While it may not be undergoing a full-fledged renaissance, Harlem has now emerged as one of New York City's great eat-and-play neighborhoods, with experiences to rival the rest of Manhattan, plus a singular mix of groove and glamour that makes the trip uptown well worthwhile. Here's how to enjoy it at its best.
MARGARITA AGUILAR
Executive director
EL MUSEO DEL BARRIO
Start in the morning at the East Harlem Cafe (1651 Lexington Avenue; eastharlemcafe.com ) for a café con leche and a chance to gaze at the Spirit of East Harlem mural one of the many that pay homage to the neighborhood's Latino history.
If you're a student or researcher, visit the Centro Archives at its new Hunter College location in the heart of East Harlem (2180 Third Avenue; centropr.hunter.cuny.edu ). The Centro has a wonderful collection of graphic art and archival resources documenting the legacy of Puerto Ricans in the U.S.
For lunch, head to El Café at El Museo del Barrio (1230 Fifth Avenue; elmuseo.org ) for empanadas and tamales. It's a taste of Pan-Latin cuisine that you'll crave for weeks afterward! If the weather is nice, cross the street to the Central Park Conservatory Garden (Fifth Avenue at East 105th Street), which has French-, Italian- and English-inspired garden styles.
Last but not least, don't miss La Marqueta (1590 Park Avenue at East 115th Street), a local market that's the place to buy authentic Caribbean ingredients.
TREN'ESS WOODS-BLACK
Third-generation owner
SYLVIA'S RESTAURANT
My perfect day is a Sunday and starts with a nice morning walk down tree-lined streets to the Abyssinian Baptist Church (132 Odell Clark Place; abyssinian.org ) for the 9 a.m. service. It sets the tone for the rest of the day and is personally special because I was married there and sung down the aisle by Roberta Flack!
I would then do as I've done since childhood and go for the Gospel Brunch and conversation at Sylvia's Restaurant (328 Lenox Avenue; sylviasrestaurant.com ). It's always overflowing with tourists and Harlem's finest, and the food is a treat for mind, body and soul.

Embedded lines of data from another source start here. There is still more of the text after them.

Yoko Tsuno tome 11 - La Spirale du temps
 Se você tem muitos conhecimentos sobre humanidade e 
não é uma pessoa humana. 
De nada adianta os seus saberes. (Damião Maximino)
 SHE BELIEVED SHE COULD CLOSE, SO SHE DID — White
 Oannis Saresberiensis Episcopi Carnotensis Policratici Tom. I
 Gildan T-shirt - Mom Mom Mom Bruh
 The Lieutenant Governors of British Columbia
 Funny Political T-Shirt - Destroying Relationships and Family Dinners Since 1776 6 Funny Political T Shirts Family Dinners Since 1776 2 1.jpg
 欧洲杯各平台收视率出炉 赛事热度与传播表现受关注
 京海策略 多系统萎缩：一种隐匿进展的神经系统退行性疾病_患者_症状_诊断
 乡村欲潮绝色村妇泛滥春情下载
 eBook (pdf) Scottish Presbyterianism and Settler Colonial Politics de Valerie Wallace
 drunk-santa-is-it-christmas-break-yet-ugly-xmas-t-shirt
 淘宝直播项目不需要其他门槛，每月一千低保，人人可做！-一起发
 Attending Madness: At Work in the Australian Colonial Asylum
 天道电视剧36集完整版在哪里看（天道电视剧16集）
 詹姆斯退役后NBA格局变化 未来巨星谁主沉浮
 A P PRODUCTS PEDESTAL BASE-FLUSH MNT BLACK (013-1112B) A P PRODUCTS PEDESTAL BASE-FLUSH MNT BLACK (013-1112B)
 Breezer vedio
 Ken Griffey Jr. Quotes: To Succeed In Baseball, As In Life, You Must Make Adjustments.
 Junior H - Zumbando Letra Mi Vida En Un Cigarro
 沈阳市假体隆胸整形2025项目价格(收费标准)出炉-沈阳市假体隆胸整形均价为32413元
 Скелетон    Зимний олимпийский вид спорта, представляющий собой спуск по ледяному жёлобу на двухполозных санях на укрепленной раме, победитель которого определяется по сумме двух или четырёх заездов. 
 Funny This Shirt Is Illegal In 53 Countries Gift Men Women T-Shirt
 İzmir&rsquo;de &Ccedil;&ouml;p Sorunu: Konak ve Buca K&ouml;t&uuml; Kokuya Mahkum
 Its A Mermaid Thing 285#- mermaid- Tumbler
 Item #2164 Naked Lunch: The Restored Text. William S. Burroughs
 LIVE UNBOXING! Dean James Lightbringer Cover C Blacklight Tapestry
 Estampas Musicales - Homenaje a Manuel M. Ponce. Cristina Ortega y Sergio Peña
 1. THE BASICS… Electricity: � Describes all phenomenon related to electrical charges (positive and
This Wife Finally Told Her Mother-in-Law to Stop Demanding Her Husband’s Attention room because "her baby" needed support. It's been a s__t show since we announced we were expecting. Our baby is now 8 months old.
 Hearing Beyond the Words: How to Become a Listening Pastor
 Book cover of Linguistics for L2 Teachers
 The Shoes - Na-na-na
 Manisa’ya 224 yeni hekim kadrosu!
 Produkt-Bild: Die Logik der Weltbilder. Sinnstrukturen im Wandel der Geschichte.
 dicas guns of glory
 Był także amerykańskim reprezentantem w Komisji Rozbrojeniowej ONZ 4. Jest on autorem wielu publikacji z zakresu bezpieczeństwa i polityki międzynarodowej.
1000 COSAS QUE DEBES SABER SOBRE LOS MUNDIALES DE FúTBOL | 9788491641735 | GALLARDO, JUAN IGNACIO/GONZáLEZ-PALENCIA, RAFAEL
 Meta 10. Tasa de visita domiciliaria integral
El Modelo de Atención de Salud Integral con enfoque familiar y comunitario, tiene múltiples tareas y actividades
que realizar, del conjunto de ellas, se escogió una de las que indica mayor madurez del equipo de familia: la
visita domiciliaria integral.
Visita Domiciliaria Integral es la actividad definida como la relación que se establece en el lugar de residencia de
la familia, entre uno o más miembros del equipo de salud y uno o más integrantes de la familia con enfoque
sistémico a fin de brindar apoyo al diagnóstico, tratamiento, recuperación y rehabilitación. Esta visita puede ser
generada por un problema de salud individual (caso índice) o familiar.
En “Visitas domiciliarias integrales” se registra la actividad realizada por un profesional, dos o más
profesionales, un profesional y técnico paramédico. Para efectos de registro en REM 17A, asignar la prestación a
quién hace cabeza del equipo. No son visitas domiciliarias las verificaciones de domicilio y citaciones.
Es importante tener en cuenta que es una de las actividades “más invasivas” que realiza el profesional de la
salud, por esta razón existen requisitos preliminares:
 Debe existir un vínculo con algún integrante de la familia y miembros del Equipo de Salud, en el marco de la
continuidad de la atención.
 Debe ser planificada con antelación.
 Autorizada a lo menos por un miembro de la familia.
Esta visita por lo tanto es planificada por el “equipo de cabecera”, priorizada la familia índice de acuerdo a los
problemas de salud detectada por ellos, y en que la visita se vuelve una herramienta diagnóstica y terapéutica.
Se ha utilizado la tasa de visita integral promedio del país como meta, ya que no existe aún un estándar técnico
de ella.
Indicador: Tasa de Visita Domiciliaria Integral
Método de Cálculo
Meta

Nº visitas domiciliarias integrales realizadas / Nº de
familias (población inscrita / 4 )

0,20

No day can be crowned perfect without a dose of fashion shopping. Bébénoir (2164 Eighth Avenue; bebenoir.com ) is my favorite. Their signature pieces, accessories and menswear keep me not only looking good but in my husband's good graces too. The last stop before heading in to prepare Sunday supper would be wine and light eats at Nectar Wine Bar (2235 Frederick Douglass Blvd; nectarwinenyc.com ). There's a large selection of wines and tapas, which lets you try something new on every visit.
DAVID ROCKWELL
Architect
ALOFT HOTEL, HARLEM
I'd begin at Demolition Depot (216 East 125th Street; demolitiondepot.com), which is a magical, incredible place. They salvage architectural and design details from old buildings from across the city. They have four floors and a garden filled with amazing old fireplaces, doorknobs, mirrors, doors and chandeliers.
Next on my shopping list would be a visit to Isoko in the Malcolm Shabazz Harlem Market (52 West 116th Street), tel: (1-212) 987 8131. The market is a great find for African textiles, masks, drums and West African home decor. But the real jewel is Francoise Muhongerwa's Isoko store and the gorgeous, handcrafted baskets and jewelry she offers from her native Rwanda.
Then I would take a stroll through the Mt. Morris Park Historic District (Lenox Avenue from West 118th Street to West 124th Street). You feel as if you've entered a turn-of-the-century New York City stage set when you walk up Lenox Avenue. The area is filled with authentic townhouses, row homes and churches from the late 19th and early 20th centuries.
For afternoon indulgence, I'd visit Make My Cake (121 St. Nicholas Avenue), tel: (1-212) 932 0833, which has the best red velvet cupcakes in all of New York City. Later, at night, you'd find me at the Lenox Lounge (288 Lenox Avenue; lenoxlounge.com ), which is a real Harlem must-see. Not only is it integral to Harlem's rich musical history, but the club's original details have been wonderfully restored. My favorite spot is the Zebra Room in the back. Or I might head for the Cotton Club (656 West 125th Street; cottonclub-newyork.com ). Inside, the decor is modest, but the richness is in the music.